Make sure all of your security programs are up to date.
Visit Microsoft's Windows Update Site Frequently - It is important that you visit http://www.windowsupdate.com regularly. This will ensure your computer has always the latest security updates available installed on your computer. If there are new updates to install, install them immediately, reboot your computer, and revisit the site until there are no more critical updates.

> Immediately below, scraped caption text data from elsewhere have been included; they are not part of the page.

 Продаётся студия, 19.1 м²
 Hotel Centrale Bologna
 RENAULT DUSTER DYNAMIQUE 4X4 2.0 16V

Once again, please post and tell me how things are going with your system... problems etc.
Have a great day,
Blade :cool:
Enuf2BDangerous
2012-08-06, 14:20
Blade81 THANK YOU!!! for all your help and your dedication. You are the best. :thanks:
Since this issue appears to be resolved ... this Topic has been closed. Glad I could help. :)
Note:If it has been three days or more since your last post, and the helper assisting you posted a response to that post to which you did not reply, your topic will not be reopened. At that point, if you still require help, please start a new topic and include a fresh DDS log and a link to your previous thread.
If it has been less than three days since your last response and you need the thread re-opened, please send me or other MOD a private message (pm). A valid, working link to the closed topic is required.